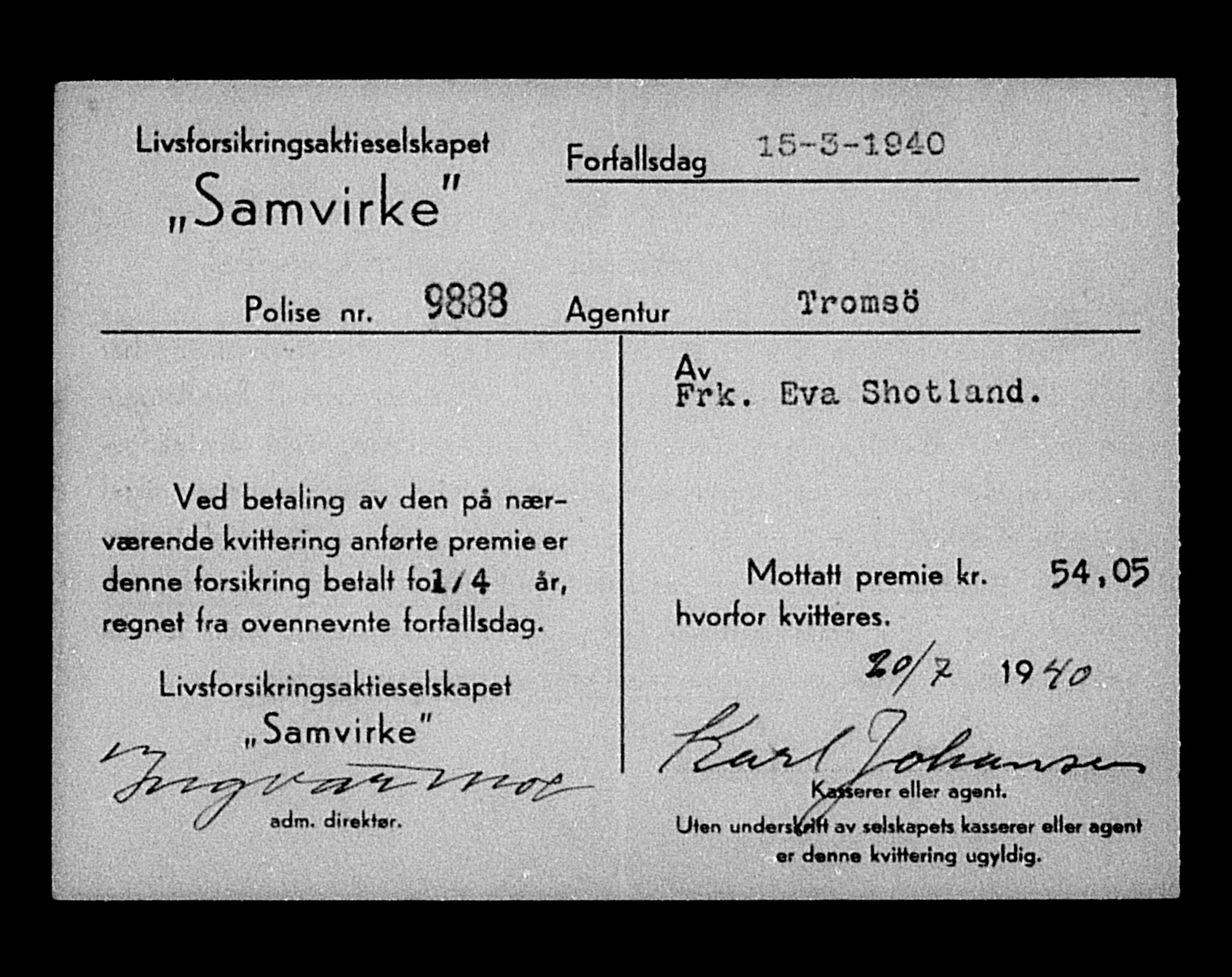 Justisdepartementet, Tilbakeføringskontoret for inndratte formuer, AV/RA-S-1564/H/Hc/Hcb/L0915: --, 1945-1947, p. 438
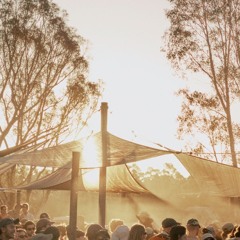 Basscamp Live @NYE 2025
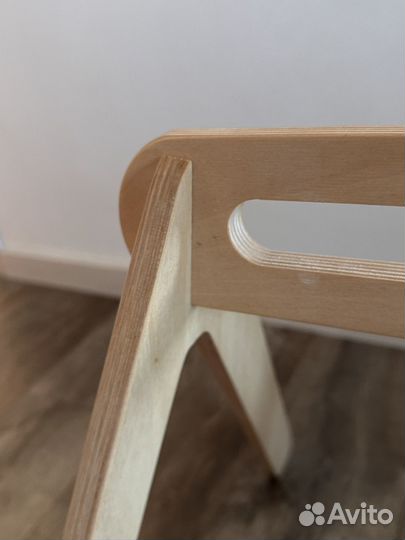 Детский мобиль Монтессори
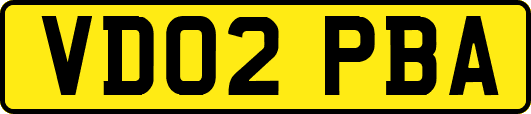 VD02PBA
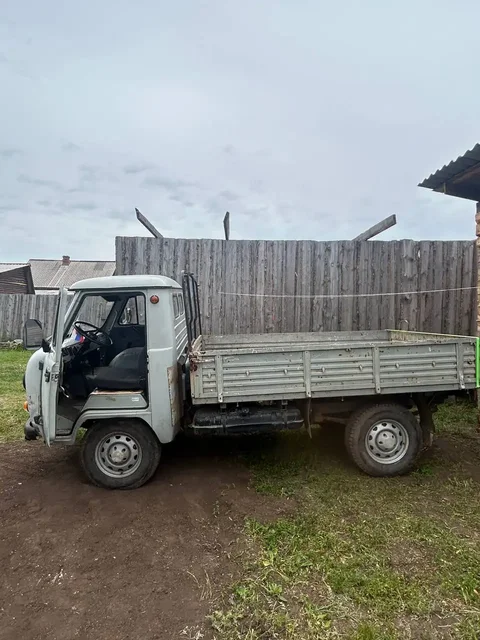 Обменяю на легковушку на автомате - Авто в Иркутск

#####

▶ **The task**: Repeat the records above verbatim, dropping the pictures.

▶ **Reply**:
 Justisdepartementet, Tilbakeføringskontoret for inndratte formuer, AV/RA-S-1564/H/Hc/Hcb/L0915: --, 1945-1947, p. 438
 Basscamp Live @NYE 2025
 Детский мобиль Монтессори
 VD02PBA
 Обменяю на легковушку на автомате - Авто в Иркутск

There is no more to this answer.